Regarding learning to use theorem provers, I began learning ACL2 on my own, but
only for a few months before going to UT. At UT, I learned a lot from the
authors and other students. I think "Computer Aided Reasoning: An Approach"
(Section 2.7) offers a good analogy for the effort involved in learning to use
ACL2. "How long does it take for a novice to become an effective C programmer?
It takes weeks or months to learn the language but months or years to become a
good programmer... How long does it take for a novice to become an effective
ACL2 user? It takes weeks or months to learn to use the language and theorem
prover, but months or years to become really good at it." The full quote
carries the analogy further.

I have not tried to prove that F implements FIB. I know that Peter is very
capable, so if he found it to be a difficult proof, then I will take on faith
that it is difficult. Just glancing at F, I find that I have no intuition
about what the variables of F are supposed to be, or what invariants are
necessary as it recurs. I suspect if I were to attempt this proof, most of my
time would be spent trying to figure out how F works and the right invariant to
prove. I would be surprised if the "extra step" of having ACL2 check my proof
would be significant compared to the cost of doing the proof "by hand," and
therefore I would be surprised if this is really any easier to prove in Coq or
some other prover than it is to prove in ACL2.

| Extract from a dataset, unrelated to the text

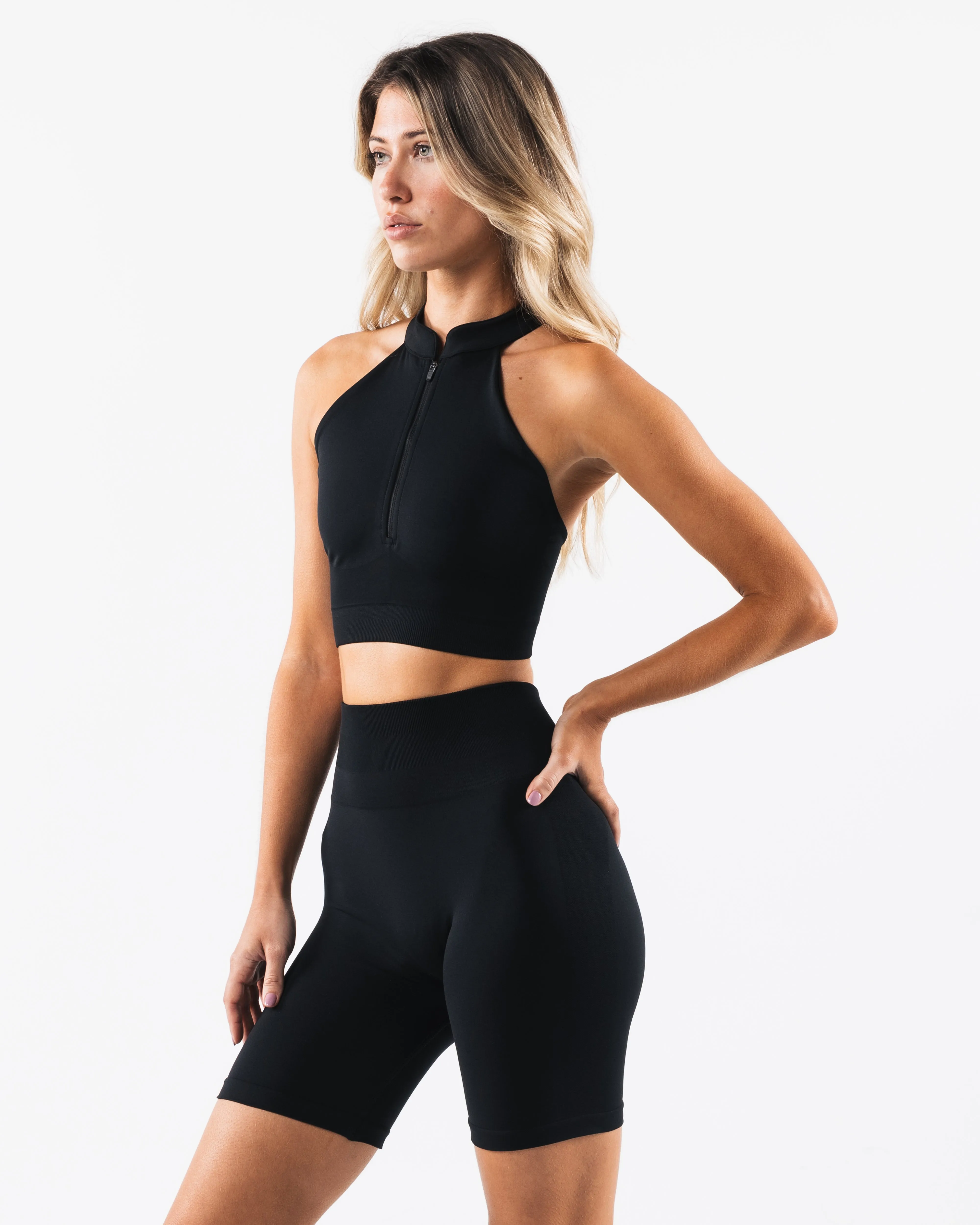 Amplify Cassio Bra - Black Versatile Strap Configuration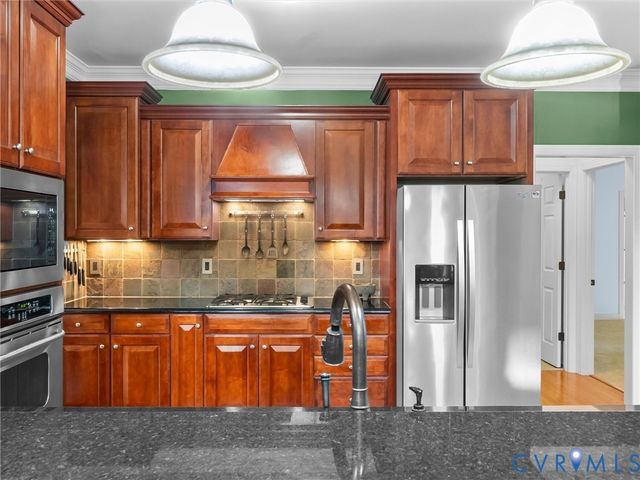 13412 Sir Britton Ct, Midlothian, VA 23832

I think a "Turing tarpit" is the wrong conclusion to reach from F. Whatever
the particular difficulties of this proof were, it does not strike me as
something that threatens the success of real ACL2 projects. After all, even in
several years of working with ACL2 on a wide range of projects, I have never
needed to prove F is FIB. (And, had I needed to, I think it would have been at
worst an annoying distraction, rather than some kind of insurmountable

It is very common to struggle when doing a new kind of proof in ACL2. But
these are also good opportunities to learn how to improve your proof
automation. When I was working on Milawa, once my reasoning strategy had come
together, I was often able to prove new, complex theorems without needing to do
anything except type them correctly.